**Exercise directions:**
Only text belongs in your copy of the listing below; reproduce it exactly and leave out the pictures.

**Provided data:**

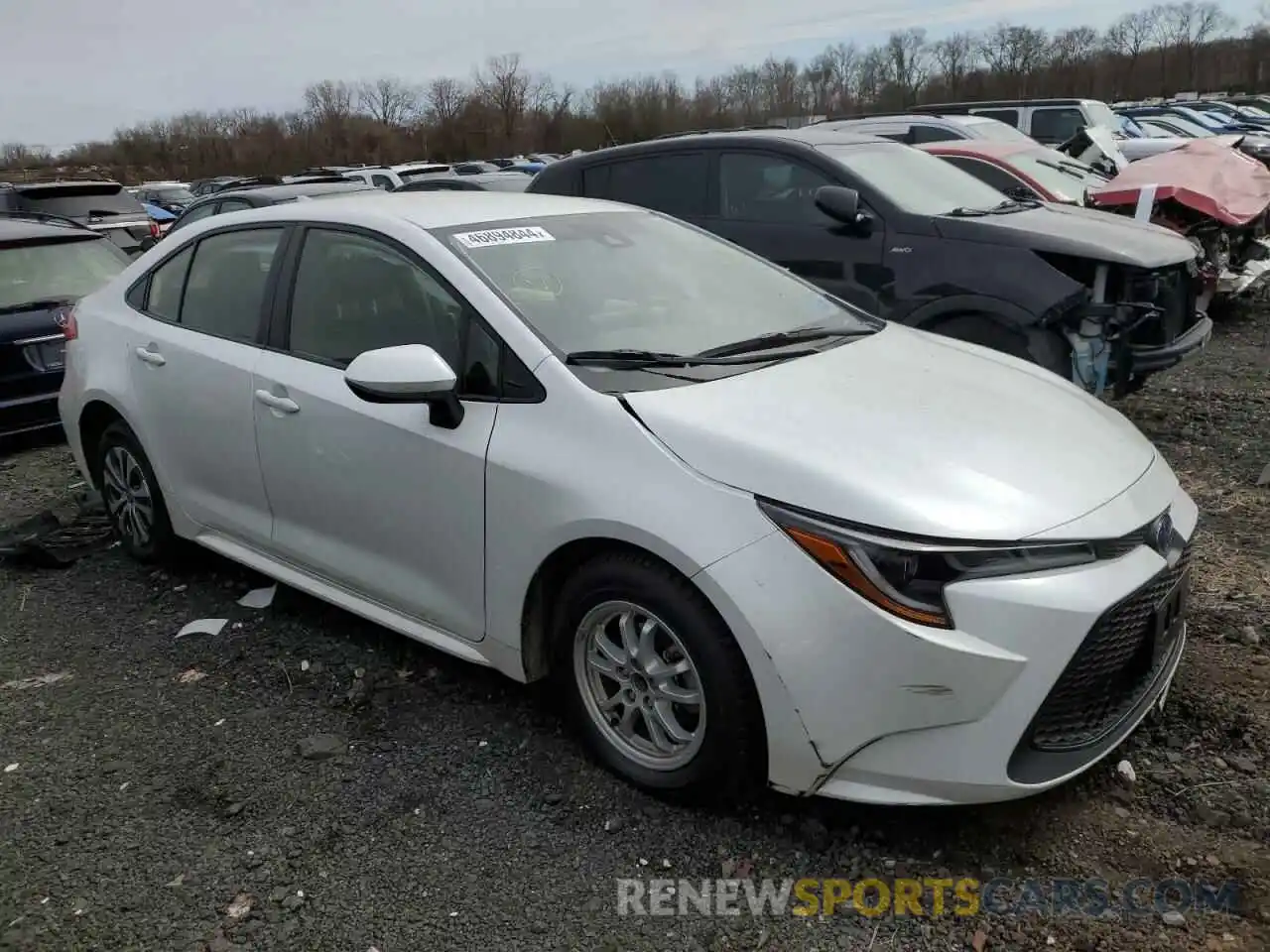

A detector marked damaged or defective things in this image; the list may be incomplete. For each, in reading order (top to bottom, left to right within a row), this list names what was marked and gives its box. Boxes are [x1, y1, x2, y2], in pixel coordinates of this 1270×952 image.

red damaged car [913, 140, 1111, 206]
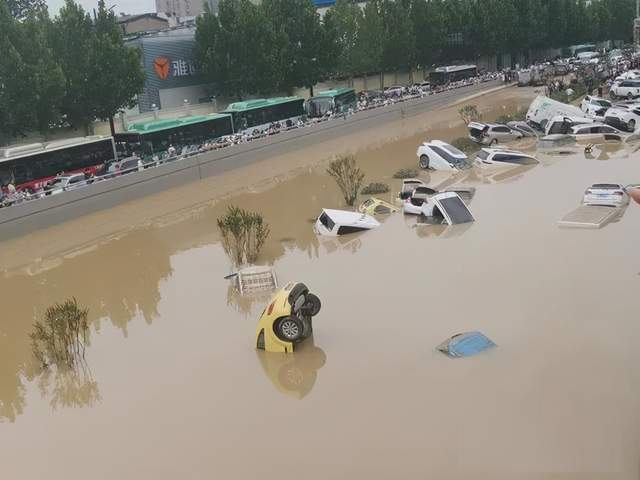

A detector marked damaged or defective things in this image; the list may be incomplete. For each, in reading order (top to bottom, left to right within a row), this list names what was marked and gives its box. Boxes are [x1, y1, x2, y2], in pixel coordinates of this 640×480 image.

overturned yellow car [358, 197, 398, 216]
overturned yellow car [256, 282, 320, 352]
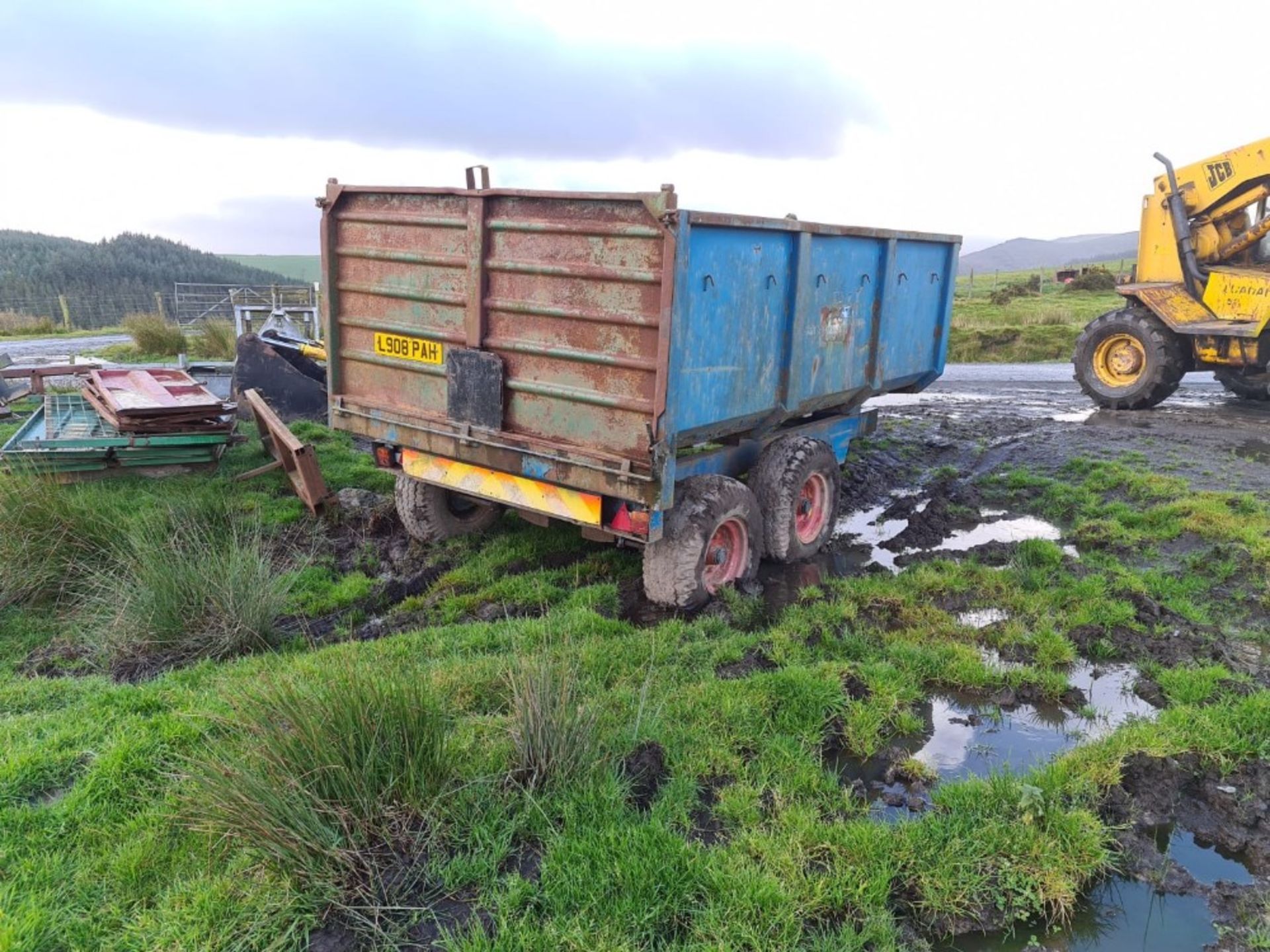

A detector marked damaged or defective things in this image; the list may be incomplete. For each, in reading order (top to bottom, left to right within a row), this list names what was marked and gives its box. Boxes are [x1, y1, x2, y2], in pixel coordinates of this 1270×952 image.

**Solution to the exercise:**
A detector marked damaged or defective things in this image; the list may be incomplete. For each, in reading order (top to bottom, left to right within a row), this list names what was marked and gives its box. Boxes are [x1, y1, x2, y2], in pixel coordinates of this 1270×952 image.

red damaged car [913, 140, 1111, 206]

A detector marked damaged or defective things in this image; the list may be incomplete. For each, in reading order (top to bottom, left to right within a row), this list names what was marked and gives its box. Boxes are [x1, y1, x2, y2], in pixel coordinates of this 640×480 image.

overturned yellow car [358, 197, 398, 216]
overturned yellow car [256, 282, 320, 352]

A detector marked damaged or defective things in this image; the list may be incomplete. For each, in reading order (top to bottom, left to right within a row), this list names what was marked and gives its box. Boxes are [x1, y1, x2, y2], in pixel coordinates of this 1270×952 image.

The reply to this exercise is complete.